Even in the Old Testament, God hides pictures of His Son:
“‘But if someone strikes and kills another person with a piece of iron, it is murder, and the murderer must be executed. Or is someone strikes and kills another person with a wooden object, it is murder, and the murderer must be put to death.’”
— Numbers 35:16,18 NLT
“if someone strikes and kills another person with a piece of iron [or] a wooden object, it is murder, and the murderer must be put to death” — This clause was included in the instructions for the cities of refuge. It is a picture of Jesus’ death: Jesus was nailed to the cross by pieces of iron, and the cross itself is a wooden object. This makes all of us who nailed Him there with our sins—both Jew and Gentile—murderers. This is considered premeditated murder, and the law is that murderers must be put to death. But Jesus did something that changed our whole situation:
“Then Jesus said, ‘Father, forgive them, for they do not know what they do.’
And they divided His garments and cast lots.”
— Luke 23:34 NKJV
“‘Father, forgive them, for they do not know what they do.’” — The moment Jesus prayed this prayer while He was hanging on the cross, He put all of us (whose sins nailed Him to the cross) in the category of unintentional sin, not premeditated murder. Because of this, all of us qualify for the city of refuge. We can now run to the true city of refuge—Jesus Himself.
In cities of refuge, there is protection and provision for the slayer. The person who enters a city of refuge gets to depend on the means and resources of the city. Cities of refuge were where the priests of the Old Testament resided, and the priests were well supplied. They lived a good life, they were clothed well, and they were fed the very best. God commanded it to be so.

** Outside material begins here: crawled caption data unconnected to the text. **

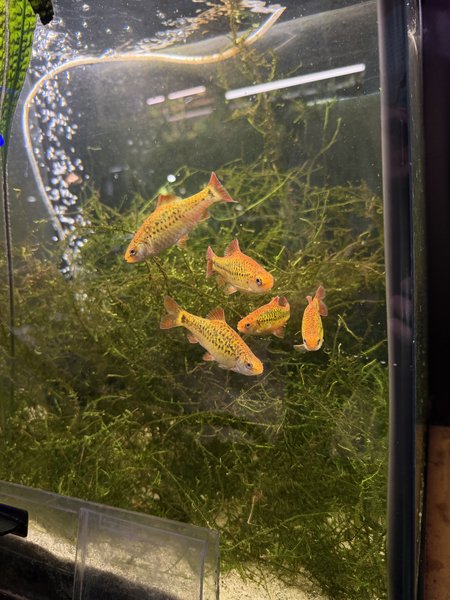 Gold Barb Breeding Group
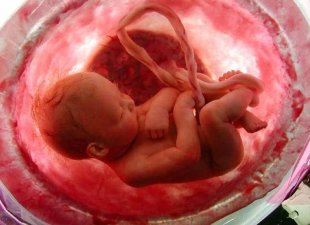 Projeto de Lei quer obrigar vítimas de estupro a verem imagens de fetos antes de aborto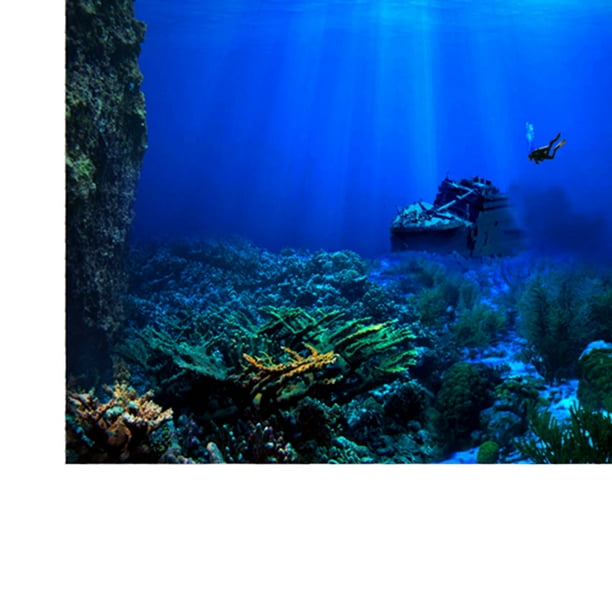 Fish Tank Impresión Digital 3D Fondo De Autoadhesivo Cielo Estreldo /  Decorativo Marino Etiqueta Eng Colco Foto de fondo del tanque de peces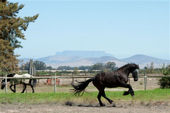 friesian-horses-gallery-06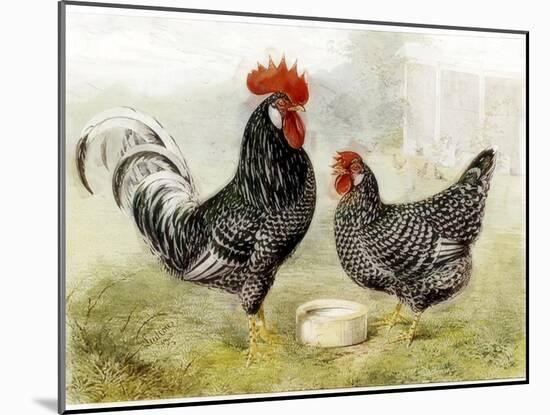 Roosters-null-Mounted Giclee Print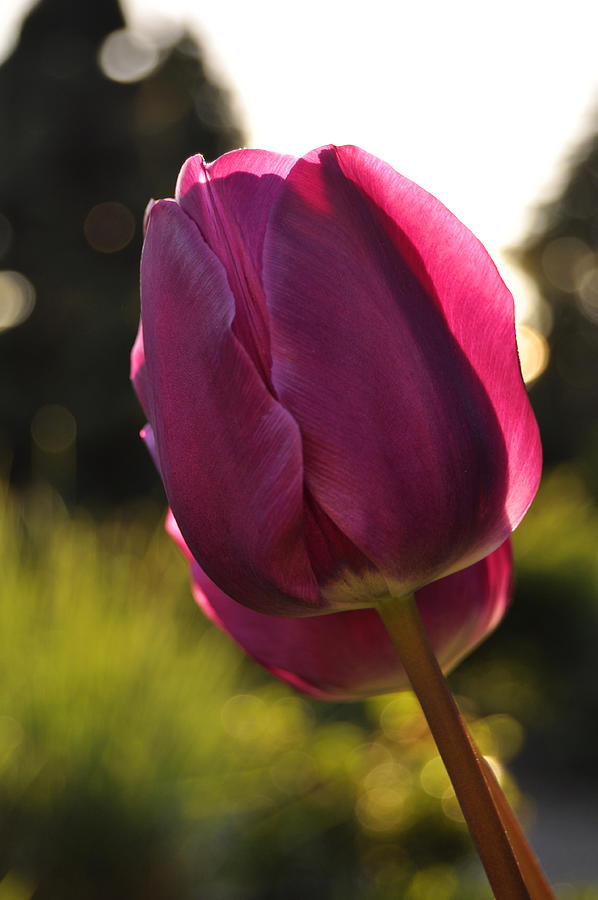 Tulip Photograph by Pelo Blanco Photo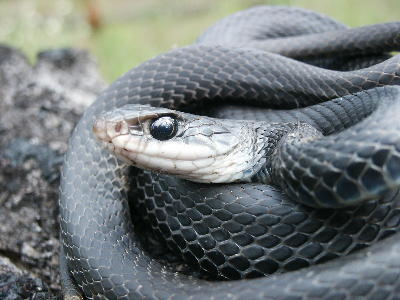black racer
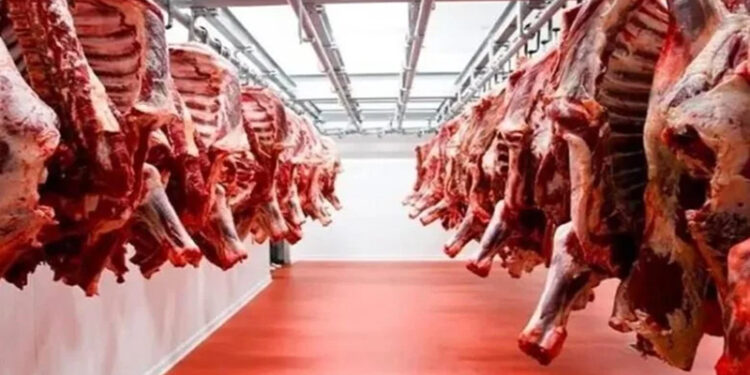 أسعار اللحوم الحمراء اليوم الإثنين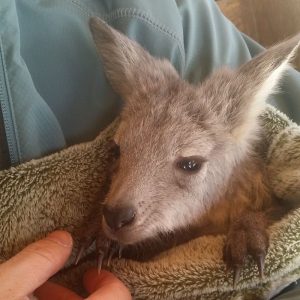 cute-baby-kangaroos-kelowna
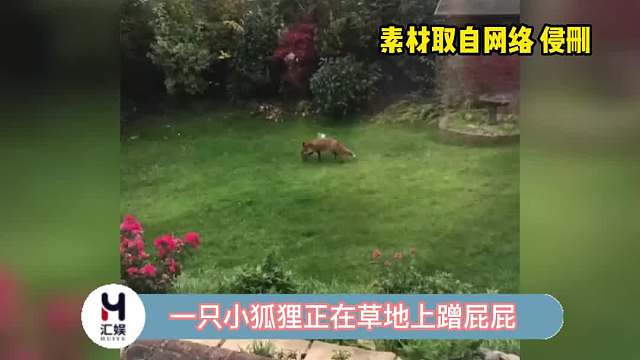 当你忘记自己在公共场所时，就是一整个尬住了！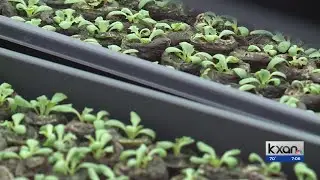 Drought causes Texas farmers to turn to unexpected solution - robots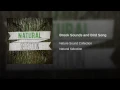 Brook Sounds and Bird Song
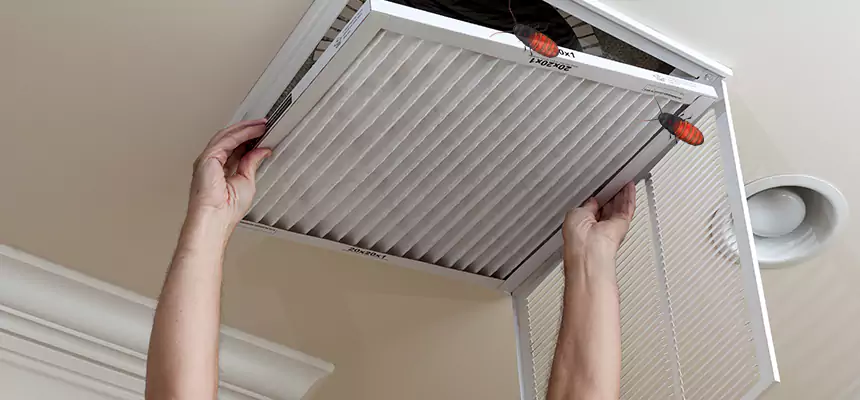 Preventive Cockroach-Proofing for Ducts in San Bernardino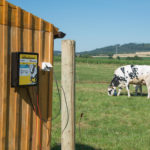 Električni pastir Horizont Turbomax N143 varuje govedo v električni ograji z žico.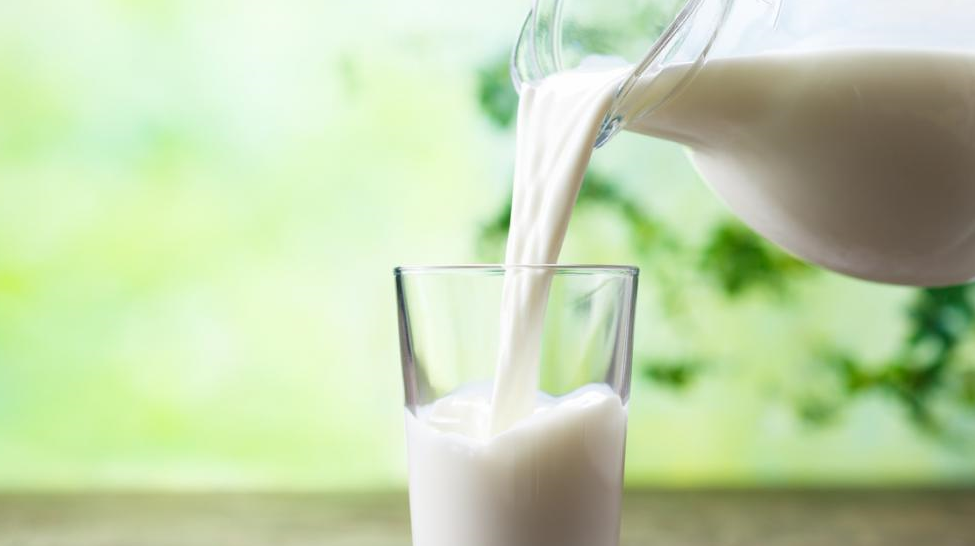 Gir Cow A2 MIlk in Gandhainagar 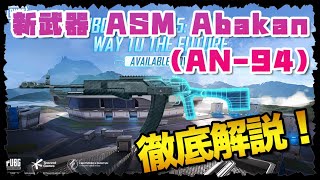 【PUBG】新武器ASM Abakan AN94 徹底解説【187】 [upl. by Hewet98]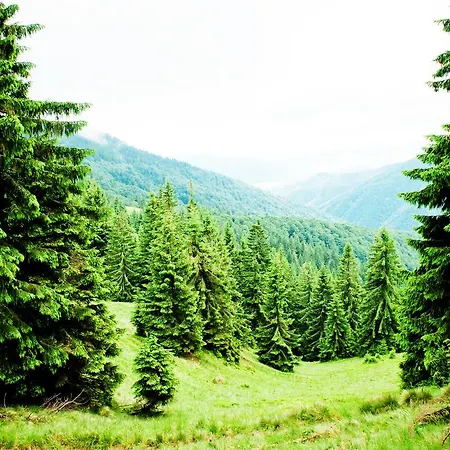 Gasthof Agio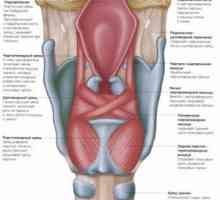 Anatómia hrtana - chrupavka a svalov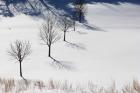 Winter Field Silhouettes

In Numbers 18, God spoke to Aaron, the high priest of that time:
“All the best of the oil, all the best of the new wine and the grain, their firstfruits which they offer to the Lord, I have given them to you.”
— Numbers 18:12 NKJV
“all the best” — This is God saying to us that He has given us the best of the grain, the wine, and the oil.
The slayers who took refuge in a city of refuge were not priests, but murderers, yet they got to eat the food of the priests as long as they dwelled in the city of refuge. This is a picture of us enjoying God’s best blessings that we don’t deserve because we are in our true city of refuge—Jesus.